René Ricol, président fondateur de Ricol-Lasteyrie, a exercé de nombreuses responsabilités publiques. Il a notamment présidé l’Observatoire des délais de paiement et l’Agence française pour la création d’entreprise (APCE), avant d’être nommé Médiateur du crédit (2008-2009) puis Commissaire général aux investissements, entre 2010 et 2012.

René Ricol vient de remettre au Gouvernement un rapport sur les procédures collectives, qui propose plusieurs mesures pour améliorer leur efficacité, mieux protéger les entreprises fragilisées et leurs salariés. Il nous parle, entre autres, du rôle déterminant des experts-comptables et des commissaires aux comptes dans ce processus, et plus généralement dans la période décisive qui s’annonce, entre espoir de reprise et crainte de faillites.
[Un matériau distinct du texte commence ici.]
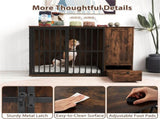 Coffee 2-in-1 Dog Crate End Table with Pull-Out Feeder, Chew-Resistant Metal Tube Pet Furniture for 11337907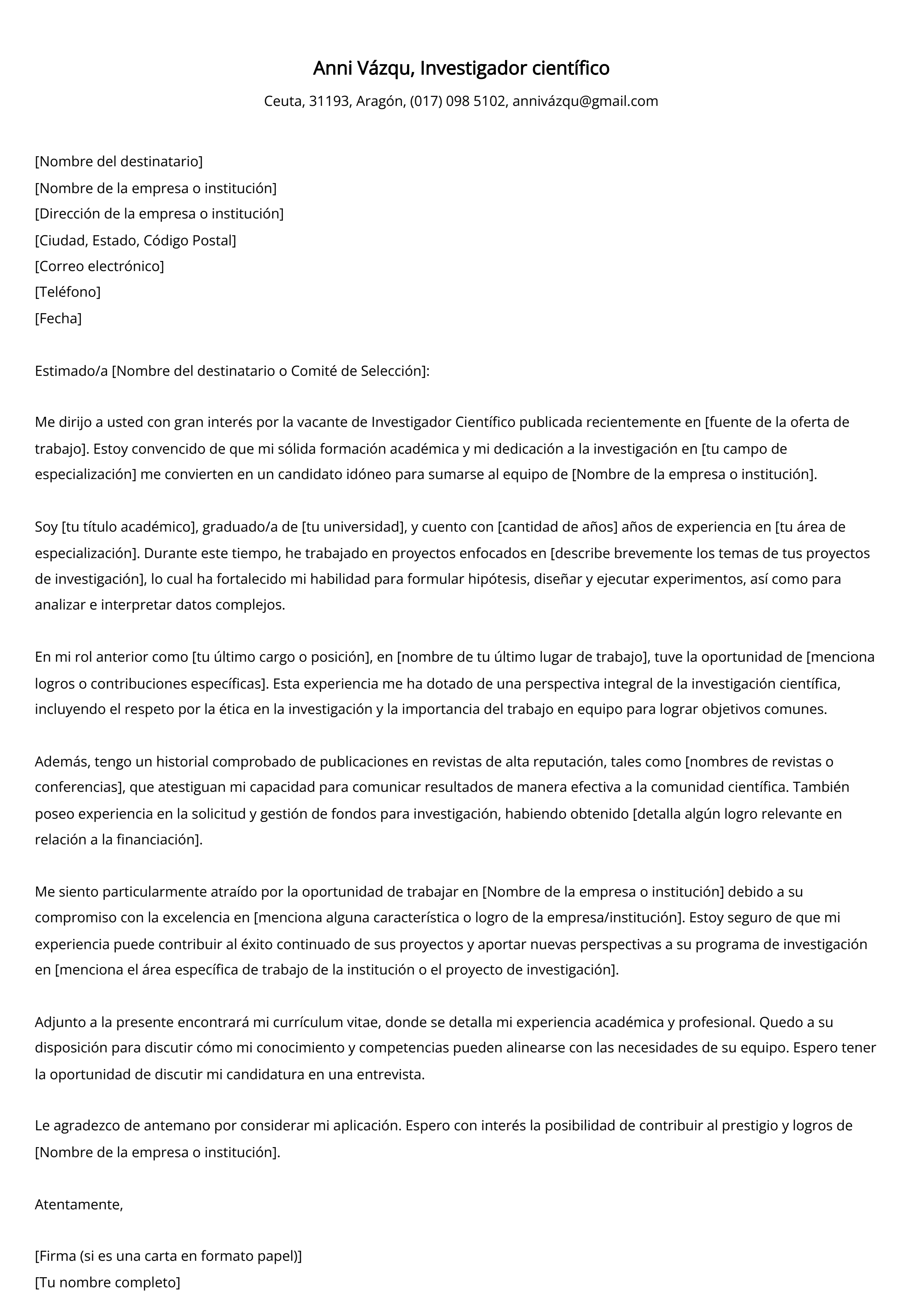 Crear carta de presentación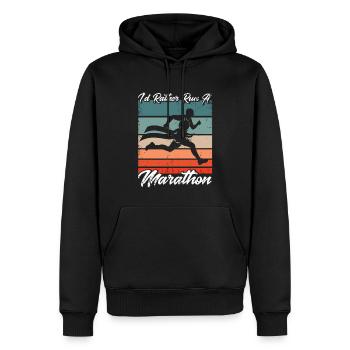 Joggen Laufen Jogger Geschenk - Männer Premium Bio Hoodie - Schwarz - Vorne - Nico (187cm)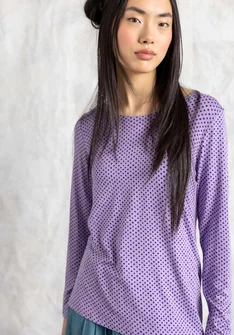 “Tina” jersey top in lyocell/spandex - powder purple/patterned
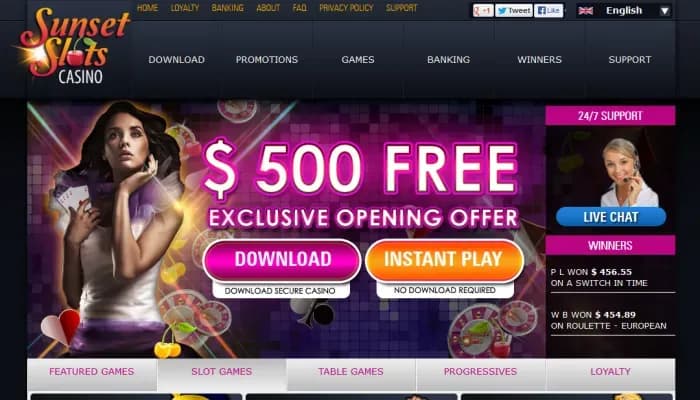 Sunset Slots Casino website screenshot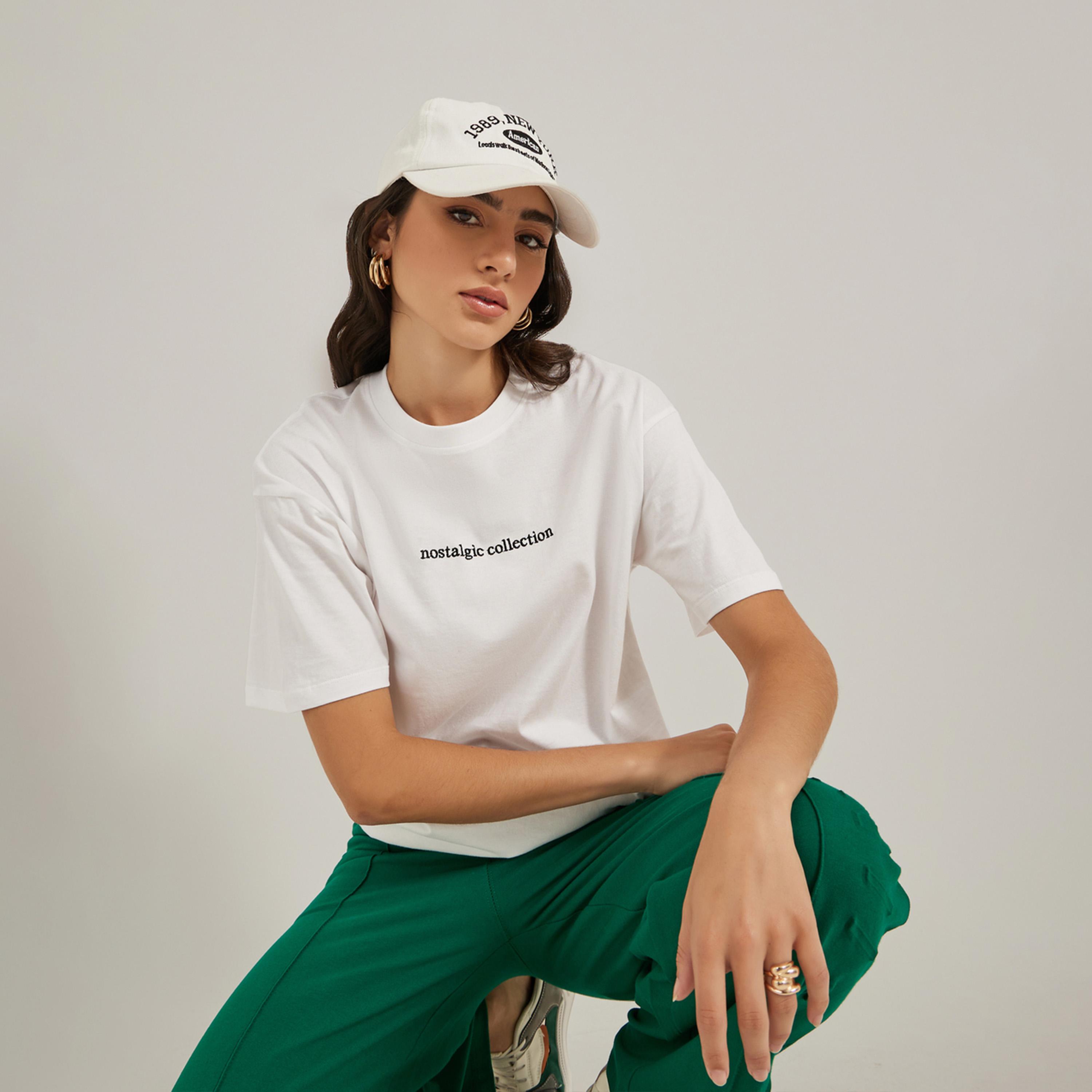 Styli Embroidered Slogan Round Neck Oversized T-Shirt-women-clothing-tshirts-image-1
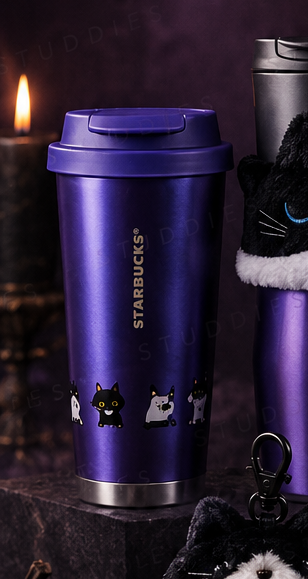 Starbucks Halloween Tailandia 2026 | Spooky Meowchestra Band Tumbler de Acero Inoxidable 16 oz 🎃🐈‍⬛🎶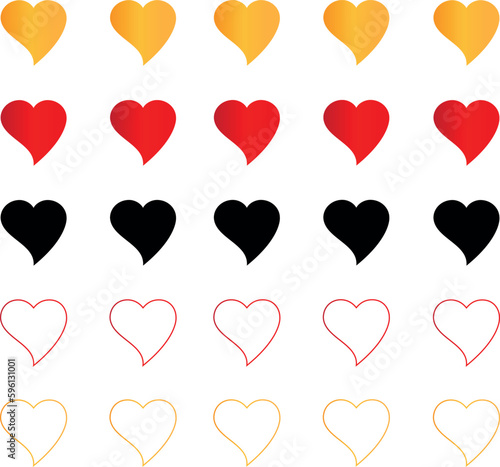 red and yellow hearts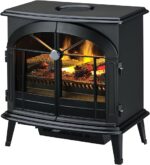 DIMPLEX – Stockbridge – Kominek elektryczny wolnostojący – matowa czerń – efekt płomienia 3D Optimyst, atomizacja wody, zestaw drewna, oświetlenie LED, pilot w zestawie, palenisko...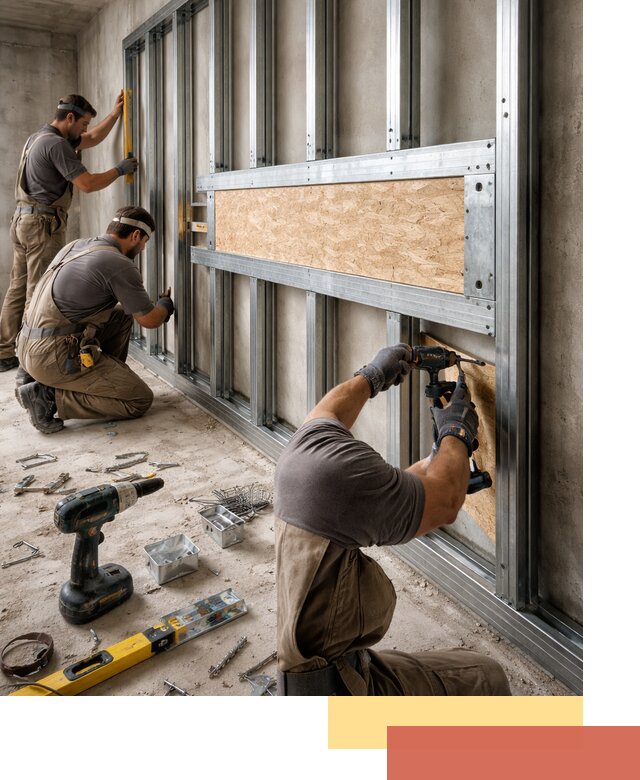 Усиленная перегородка для крепления тяжёлых конструкций в Иваново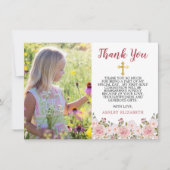 Carte De Remerciements Première communion d'aquarelle rose des roses (Devant)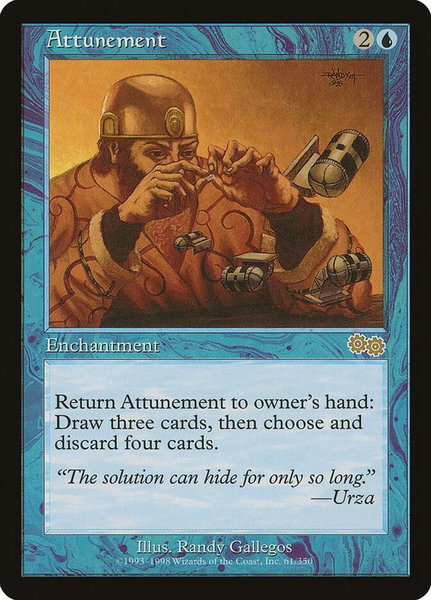 Attunement trading card from Urza's Saga Attunement - Urza's Saga Magic: The Gathering trading card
Entretien autour d’une e-tasse de café.

M. Ricol, le Gouvernement vous a commandé, le 8 mars dernier, un rapport sur les procédures collectives, que vous avez remis le 21 avril et qui a inspiré plusieurs mesures, annoncées le 1er juin dernier, pour une sortie en douceur du « quoi qu’il en coûte ». Quelles sont les principales préconisations de votre rapport ?
 

Il s’agissait, au départ, de lever une ambiguïté : en transcrivant dans un projet d’ordonnance une directive européenne, le ministère de la Justice semblait rétrograder l’ordre de priorité accordée au paiement des salaires en cas de liquidation judiciaire. Mon premier objectif était donc de rassurer, de réaffirmer la nécessité – partagée par le ministère – de garantir le superprivilège dont bénéficie l’AGS, qui joue un rôle d’amortisseur social irremplaçable en réglant les salariés.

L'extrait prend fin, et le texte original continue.